TASK PROMPT:
Transcribe exactly everything in the data below from the line containing "Hostal North Gate Guest House And Camping" down to the line containing "Second-hand VW Golf", both lines included and nothing further.

DATA UNDER STUDY:
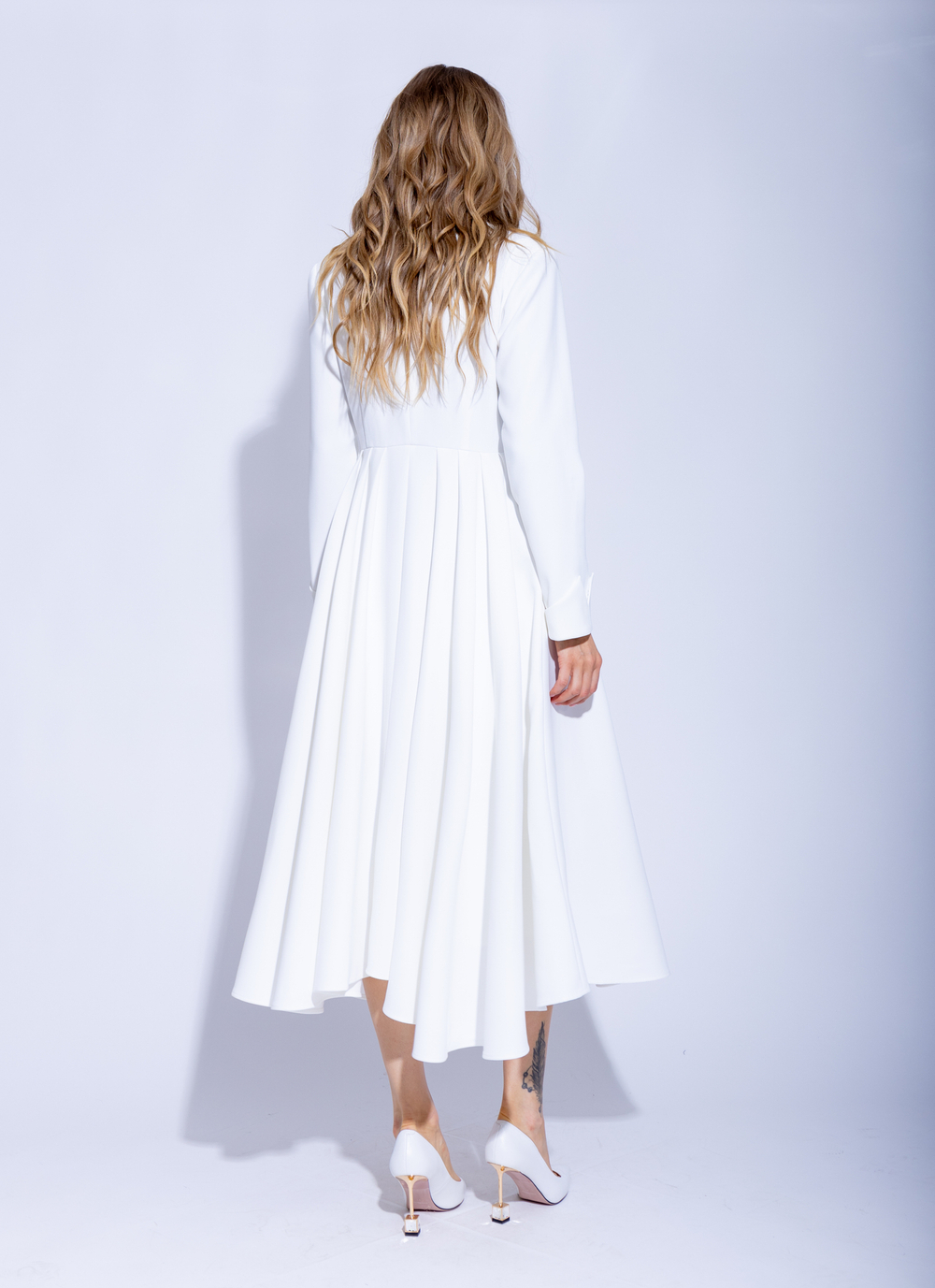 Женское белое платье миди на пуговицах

* * *

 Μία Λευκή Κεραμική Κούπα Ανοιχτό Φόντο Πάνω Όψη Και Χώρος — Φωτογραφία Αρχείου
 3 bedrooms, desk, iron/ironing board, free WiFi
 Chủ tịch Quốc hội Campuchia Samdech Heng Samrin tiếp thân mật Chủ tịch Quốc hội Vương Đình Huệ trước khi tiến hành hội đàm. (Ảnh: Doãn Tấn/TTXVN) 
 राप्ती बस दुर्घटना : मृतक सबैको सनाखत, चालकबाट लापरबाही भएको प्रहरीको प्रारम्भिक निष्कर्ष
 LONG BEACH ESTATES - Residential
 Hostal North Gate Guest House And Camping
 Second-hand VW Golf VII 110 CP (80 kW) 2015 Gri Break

RESPONSE:
 Hostal North Gate Guest House And Camping
 Second-hand VW Golf VII 110 CP (80 kW) 2015 Gri Break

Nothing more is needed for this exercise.